3

i have postgresql db with a table t1 and i want to calculate a threshold. the threshold should be for example car 1 uses more fuel than 75 % of all cars, car2 uses more fuel than 50% of all cars, .... mathematically i understand what i want to do, but i dont know how to build the query

id | name | value | threshold
________________________

1  | car1 |  30   |  ...%
2  | car2 |  15   |  ..%
3  | car3 |   7   |
4  | car4 |   5   |

here is a sql fiddle http://sqlfiddle.com/#!15/1e914/1

UPDATE t1
SET threshold = 
    select count(value)
     from t1

where (value > [over each row]) and followed by *100/the overall count()
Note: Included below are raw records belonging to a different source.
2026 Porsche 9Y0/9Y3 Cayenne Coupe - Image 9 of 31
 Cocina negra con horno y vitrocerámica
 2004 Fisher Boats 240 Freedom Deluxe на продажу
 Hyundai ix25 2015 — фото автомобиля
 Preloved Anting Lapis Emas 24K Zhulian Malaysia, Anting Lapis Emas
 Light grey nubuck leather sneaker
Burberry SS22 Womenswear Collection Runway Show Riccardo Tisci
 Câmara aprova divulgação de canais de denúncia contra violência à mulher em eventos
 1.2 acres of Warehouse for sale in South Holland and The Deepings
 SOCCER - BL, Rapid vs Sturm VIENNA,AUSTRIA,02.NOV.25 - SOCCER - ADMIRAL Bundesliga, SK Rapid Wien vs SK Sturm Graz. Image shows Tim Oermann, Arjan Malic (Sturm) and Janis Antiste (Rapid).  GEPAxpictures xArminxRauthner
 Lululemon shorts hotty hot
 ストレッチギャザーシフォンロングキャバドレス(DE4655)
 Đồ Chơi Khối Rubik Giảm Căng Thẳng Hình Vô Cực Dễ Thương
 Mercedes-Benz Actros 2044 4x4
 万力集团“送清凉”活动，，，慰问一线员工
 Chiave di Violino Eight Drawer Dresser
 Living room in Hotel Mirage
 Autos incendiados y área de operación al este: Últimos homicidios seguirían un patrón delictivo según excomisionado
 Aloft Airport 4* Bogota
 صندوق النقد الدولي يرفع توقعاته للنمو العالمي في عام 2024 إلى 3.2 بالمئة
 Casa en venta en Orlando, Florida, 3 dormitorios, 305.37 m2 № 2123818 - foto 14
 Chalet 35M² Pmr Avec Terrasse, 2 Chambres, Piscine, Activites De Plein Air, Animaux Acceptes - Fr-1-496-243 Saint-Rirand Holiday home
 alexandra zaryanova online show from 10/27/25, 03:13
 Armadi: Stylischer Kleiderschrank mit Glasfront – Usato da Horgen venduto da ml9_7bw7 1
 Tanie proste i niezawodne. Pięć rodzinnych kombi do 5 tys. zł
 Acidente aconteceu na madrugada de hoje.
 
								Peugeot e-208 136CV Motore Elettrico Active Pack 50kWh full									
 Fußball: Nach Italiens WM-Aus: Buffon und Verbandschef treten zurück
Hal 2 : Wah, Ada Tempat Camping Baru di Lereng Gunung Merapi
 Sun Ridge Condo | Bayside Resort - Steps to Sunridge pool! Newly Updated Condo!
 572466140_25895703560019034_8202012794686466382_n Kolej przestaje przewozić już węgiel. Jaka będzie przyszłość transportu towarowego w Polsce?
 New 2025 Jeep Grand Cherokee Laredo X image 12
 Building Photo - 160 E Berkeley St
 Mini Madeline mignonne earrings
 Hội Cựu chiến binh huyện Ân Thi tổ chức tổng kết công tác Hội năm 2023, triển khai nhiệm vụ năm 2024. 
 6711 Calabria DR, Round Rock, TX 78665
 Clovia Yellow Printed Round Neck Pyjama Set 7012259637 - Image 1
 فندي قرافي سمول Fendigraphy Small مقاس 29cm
sorry for that bad try but i am kind of lost. also tried some aggregate functions.

fabvys
  • 413
  • 1
  • 5
  • 12
  • 1
    Have a look at `100 * PERCENT_RANK() OVER (ORDER BY value)` or `100 * CUME_DIST() OVER (ORDER BY value)` – dnoeth Apr 18 '16 at 16:59
  • @dnoeth Both of these do not work because the solution is relative to the most fuel-efficient car and not calculated over the entire population. – Patrick Apr 18 '16 at 17:10
  • 1
    @Patrick: If those functions don't work then your answer is not correct, too. Both are just slight variations of your `RANK/COUNT` :-) – dnoeth Apr 18 '16 at 17:21
  • @dnoeth Not true. I am using `(rank() - 1) / count()` which gives exactly the results in this question. The `- 1` may be slight but it is the reason why you can't use the built-in functions. – Patrick Apr 19 '16 at 03:49
  • @Patrick: Ok, based on the expected result both are not correct, but this was just a description based on four rows :-) That's why I wrote he should see if those functions fit his needs. `PERCENT_RANK` is based on `(RANK-1)/(COUNT-1)`, i.e. the number of rows with a value **less than** the current value and `CUME_DIST` is based on **less than or equal**. – dnoeth Apr 19 '16 at 06:59
  • at the end it is the same like percentile or am i wrong? ntile(100) OVER(ORDER BY value) – fabvys May 04 '16 at 10:25

3 Answers3

5

You can solve this quite elegantly with a window function:

UPDATE t1
SET threshold = sub.thr
FROM (
  SELECT id, 100. * (rank() OVER (ORDER BY value) - 1) / count(*) OVER () AS thr
  FROM t1) sub
WHERE t1.id = sub.id;

The rank() function gives the rank (starting from 1) in an ordered set, in this case over the column value, which is then divided by the total number of rows in the set. Note that count(*) OVER () calculates the total number of rows in th partition but it does not aggregate the rows like a regular count(*) would.

Patrick
  • 29,357
  • 6
  • 62
  • 90
  • thank you all for the help. at the sqlfiddle link above you can see the differences between rank(),percent_rank(),cume_dist(). i think i was looking for percent_rank. i changed the order, now i can say 33% of the cars use more fuel than car2. (by the way my real table is not about cars). one thing to add, window-functions dont work with UPDATE – fabvys Apr 18 '16 at 22:16
  • You can wrap the window functions in a sub-select and then it should work. See updated answer. Note that the use of `percent_rank()` gives a result that is different from what you state in your question. There the percentage is relative to the most fuel efficient car, while the function calculates against all rows. `(rank() - 1) / count(*)` gives exactly the result you were asking for. – Patrick Apr 19 '16 at 03:44
  • true, the (rank() ... is the right function, that works for my question. thanks again. – fabvys Apr 28 '16 at 09:31
1
WITH    q AS
        (
        SELECT  *,
                (RANK() OVER (ORDER BY value) - 1) * 100. / COUNT(*) OVER () nt
        FROM mytable
        )
UPDATE  mytable
SET     threshold = nt
FROM    q
WHERE   mytable.id = q.id
Quassnoi
  • 413,100
  • 91
  • 616
  • 614
0

Do you want to calculate percentage of using fuel?

UPDATE t1 
SET threshold = 
    (select value * 100 / t2.sumValue
    from (select sum(value) sumValue from t1) t2
    )

Or if you want to calculate specific threshold, may you show your expected result?

Pham X. Bach
  • 5,284
  • 4
  • 28
  • 42